Sunday, April 13, 2014

Gluten-free, corn-free DUMP AND BAKE bread. Takes about 10 minutes of work to get it done.

USE SAFE FOR YOU INGREDIENTS

Frittatas are done.  Had all the pans and stuff out, so thought I would make bread.  Dump and bake bread in the oven.

Today's recipe -
DRY:
10 cups 50% starches (sweet potato, potato, tapioca) 50% chickpea (besan) Flour
4 tablespoons baking powder (make your own for safety)
Salt to taste

WET:
16 oz sour cream (can use any somewhat greasy/milky sub)
1 cup oil
1 cup melted butter (or GHEE) (can use any oil or sub a liquid)
a couple cups of water (to thin it all out to thickness of thick pancake batter)
6 eggs (prob would work with some sort of egg-replacer, but you gotta have enough to puff up the stuff or you will end up with hockey pucks!)

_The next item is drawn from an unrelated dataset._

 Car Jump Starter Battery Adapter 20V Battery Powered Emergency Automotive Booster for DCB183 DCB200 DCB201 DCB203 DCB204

step 1 - Mix dry.  (2 minutes to measure and mix)

Step 2 - Whisk eggs, add wet stuff, mix well. (3 minutes to break eggs, whisk and mix)

Step 3 - Pour wet into dry.  Stir until thoroughly mixed. (3 minutes)

Step 4 - Dump into 2 cake pans (greased) (1 minute).

Put into COLD OVEN (no preheating necessary).  Bake at 375 for 90 minutes.

Check after 60 minutes.  Done when thumps hollow and is cracked on top.